Data provided:
________________
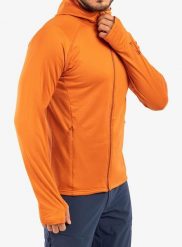 Bluza polarowa męska Inov-8 VentureLite Mid Hoodie FZ. Brązowe bluzy z kapturem męskie Inov-8, m, z polaru. Za 263.99 zł.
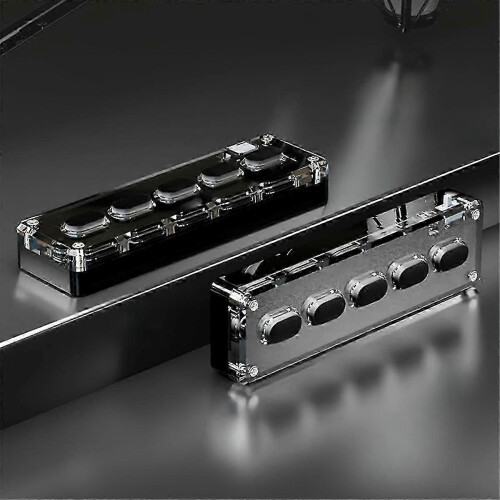 (As show, One size) 5 Keys Custom Keypad Macro Programmable Bluetooth Keyboard Copy Paste Rgb Button Gaming Mechanical 2
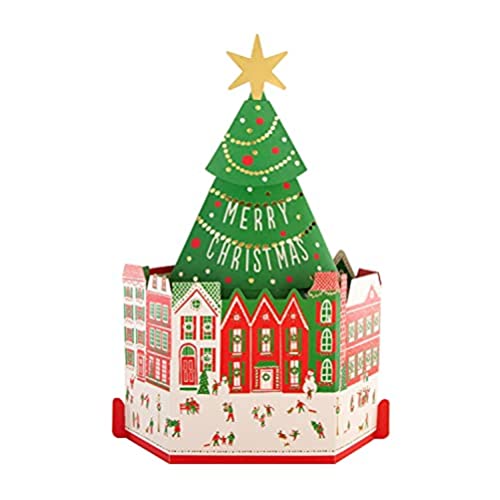 Hallmark Christmas Card, Christmas Tree, Town Square... - Auto & Motorcycle Amazon UK à 5.85€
________________
Activity:
With the pictures set aside, return each line of the listing exactly as given.

Written answer:
 Bluza polarowa męska Inov-8 VentureLite Mid Hoodie FZ. Brązowe bluzy z kapturem męskie Inov-8, m, z polaru. Za 263.99 zł.
 (As show, One size) 5 Keys Custom Keypad Macro Programmable Bluetooth Keyboard Copy Paste Rgb Button Gaming Mechanical 2
 Hallmark Christmas Card, Christmas Tree, Town Square... - Auto & Motorcycle Amazon UK à 5.85€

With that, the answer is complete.